**Task instructions**
Repeat only the stretch of lines below that runs from the line with "vidaXL Οθωμανικό κρεβάτι" through the line with "DOGGYHUT® Premium XL", unaltered.

[[ Supplied records, beginning ]]

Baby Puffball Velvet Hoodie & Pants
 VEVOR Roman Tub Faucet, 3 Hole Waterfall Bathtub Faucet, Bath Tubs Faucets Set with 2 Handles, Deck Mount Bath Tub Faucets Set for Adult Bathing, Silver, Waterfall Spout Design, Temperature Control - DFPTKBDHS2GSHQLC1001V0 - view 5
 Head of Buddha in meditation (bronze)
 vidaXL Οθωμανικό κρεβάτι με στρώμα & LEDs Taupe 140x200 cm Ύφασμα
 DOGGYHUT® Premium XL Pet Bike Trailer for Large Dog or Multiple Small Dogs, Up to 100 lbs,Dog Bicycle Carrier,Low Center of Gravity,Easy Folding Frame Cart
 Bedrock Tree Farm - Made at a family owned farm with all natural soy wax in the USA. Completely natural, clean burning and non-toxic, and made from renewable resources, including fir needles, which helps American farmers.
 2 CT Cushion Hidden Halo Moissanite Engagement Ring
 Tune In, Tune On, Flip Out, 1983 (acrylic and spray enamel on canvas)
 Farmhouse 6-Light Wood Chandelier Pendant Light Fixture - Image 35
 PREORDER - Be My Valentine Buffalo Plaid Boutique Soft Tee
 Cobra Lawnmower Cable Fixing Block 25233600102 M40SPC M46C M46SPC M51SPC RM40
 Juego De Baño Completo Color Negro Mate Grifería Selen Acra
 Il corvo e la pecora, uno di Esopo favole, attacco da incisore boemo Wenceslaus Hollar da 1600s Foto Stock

[[ Supplied records, end ]]

**Reply to the exercise**
 vidaXL Οθωμανικό κρεβάτι με στρώμα & LEDs Taupe 140x200 cm Ύφασμα
 DOGGYHUT® Premium XL Pet Bike Trailer for Large Dog or Multiple Small Dogs, Up to 100 lbs,Dog Bicycle Carrier,Low Center of Gravity,Easy Folding Frame Cart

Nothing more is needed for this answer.